START Task inputs
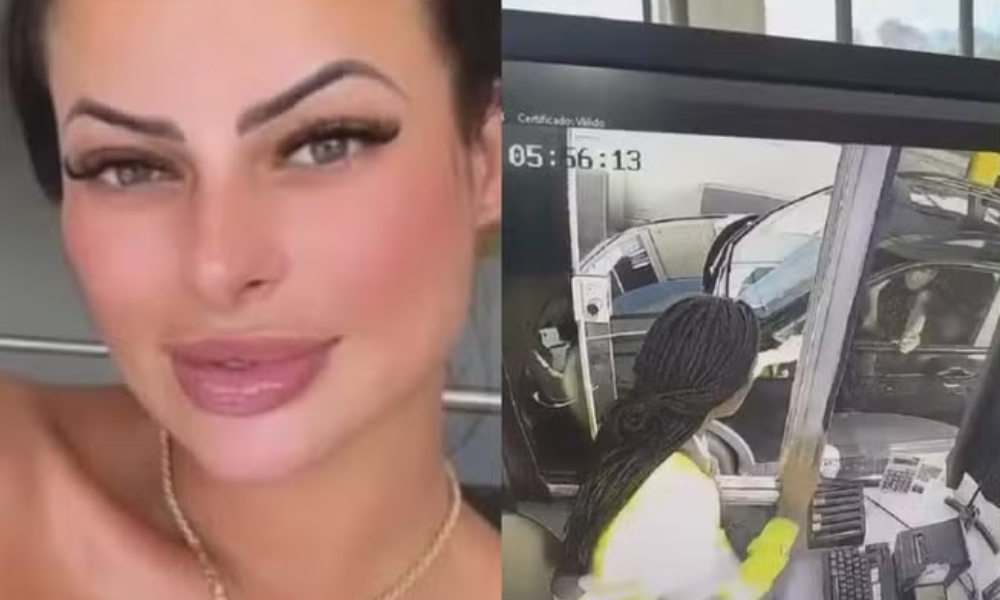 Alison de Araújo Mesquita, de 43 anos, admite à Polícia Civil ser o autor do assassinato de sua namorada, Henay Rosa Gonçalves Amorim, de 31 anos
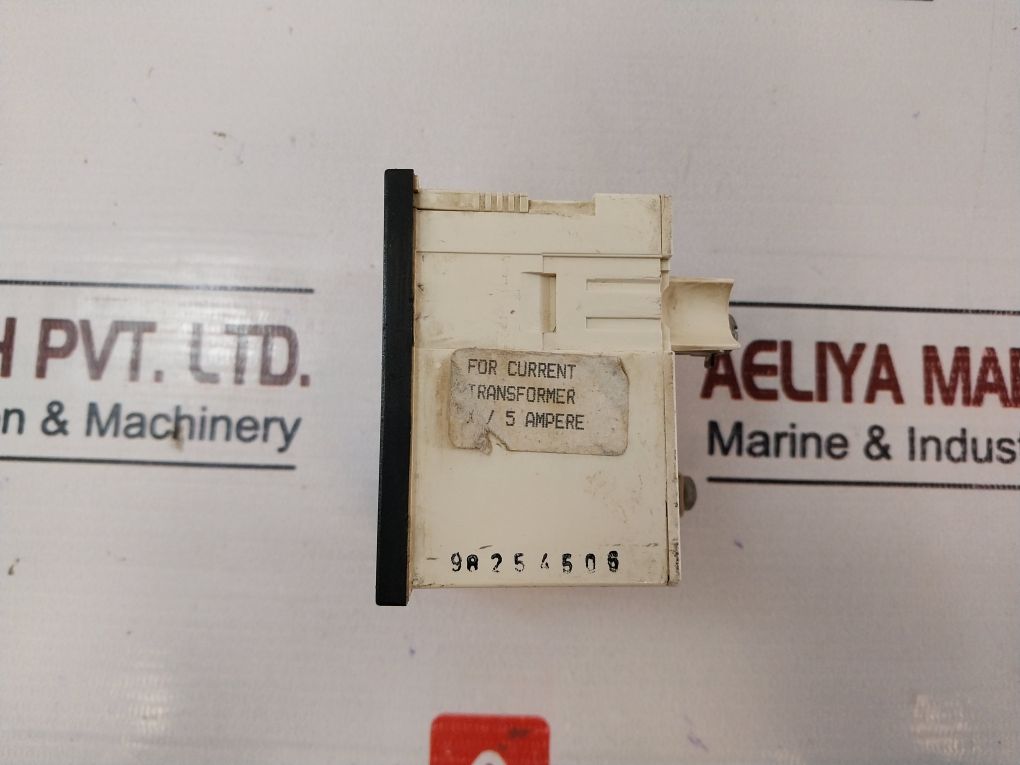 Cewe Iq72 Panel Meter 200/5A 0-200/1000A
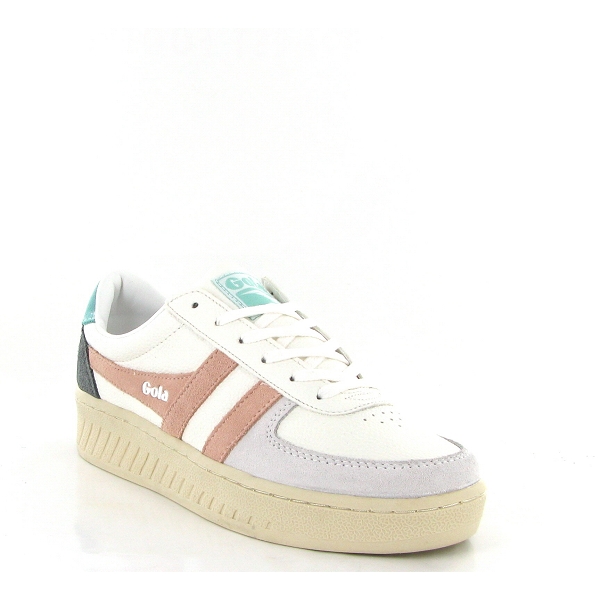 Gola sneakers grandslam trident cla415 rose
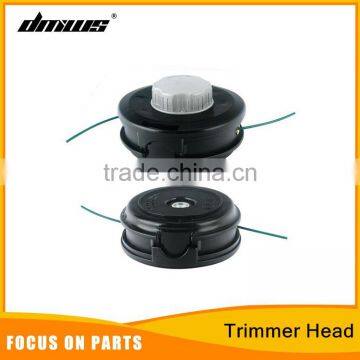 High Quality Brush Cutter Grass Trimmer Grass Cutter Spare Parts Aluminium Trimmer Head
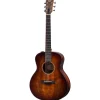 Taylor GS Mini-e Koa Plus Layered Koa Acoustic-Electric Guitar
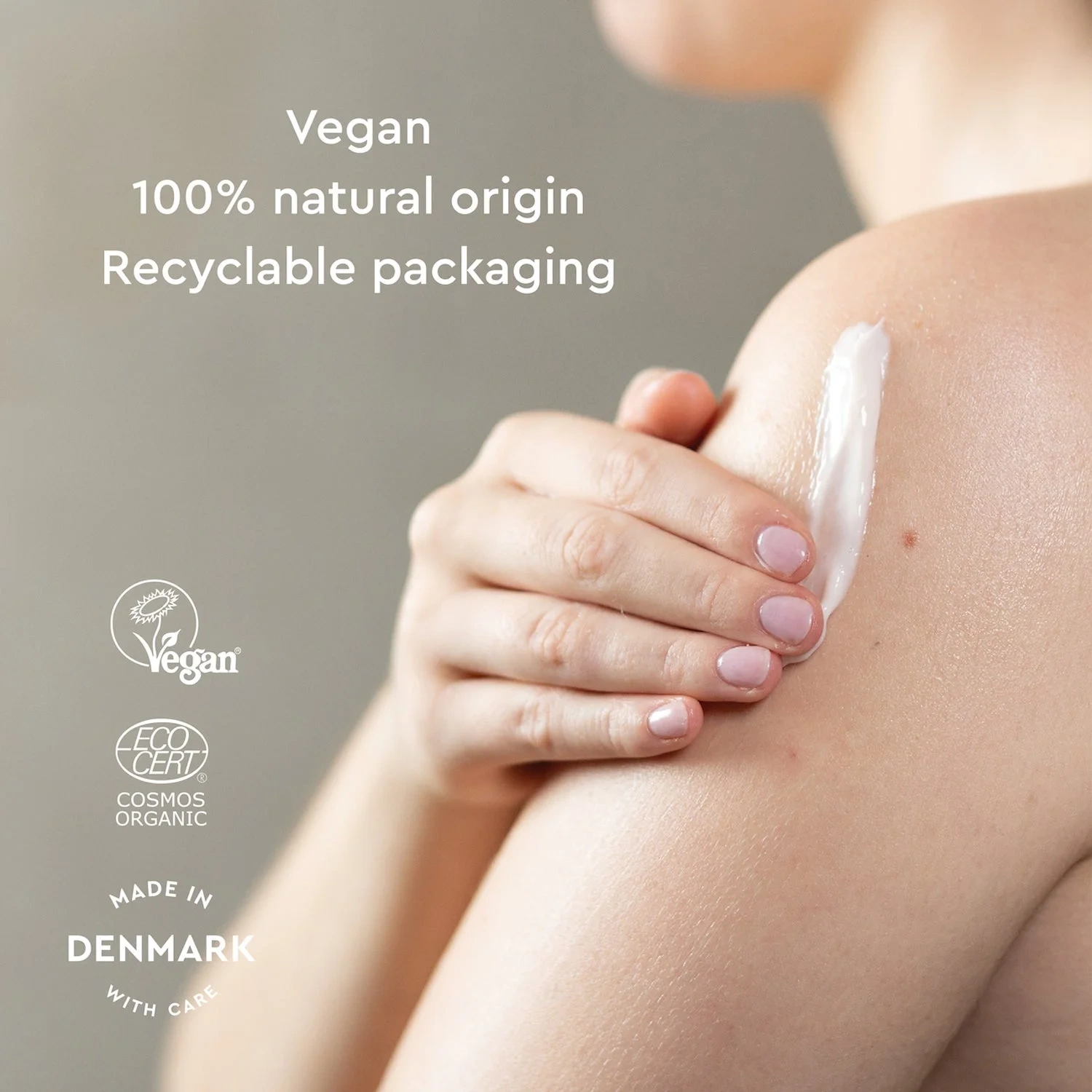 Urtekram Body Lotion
END Task inputs
START Task inputs
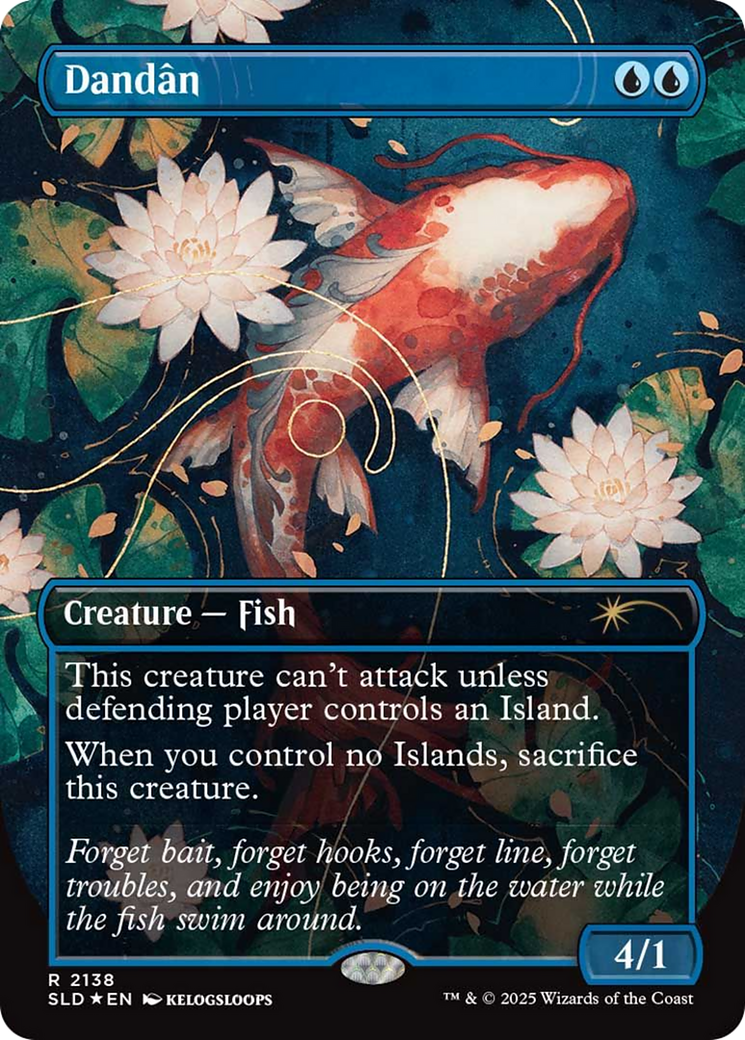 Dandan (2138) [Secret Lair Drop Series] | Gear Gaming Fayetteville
END Task inputs
• **What the task requires**
Copy nothing but the lines above from the one with "Gola sneakers grandslam trident cla415 rose" to the one with "Urtekram Body Lotion", inclusive, word for word. Leave every picture out.

• **Result**
 Gola sneakers grandslam trident cla415 rose
 High Quality Brush Cutter Grass Trimmer Grass Cutter Spare Parts Aluminium Trimmer Head
 Taylor GS Mini-e Koa Plus Layered Koa Acoustic-Electric Guitar
 Urtekram Body Lotion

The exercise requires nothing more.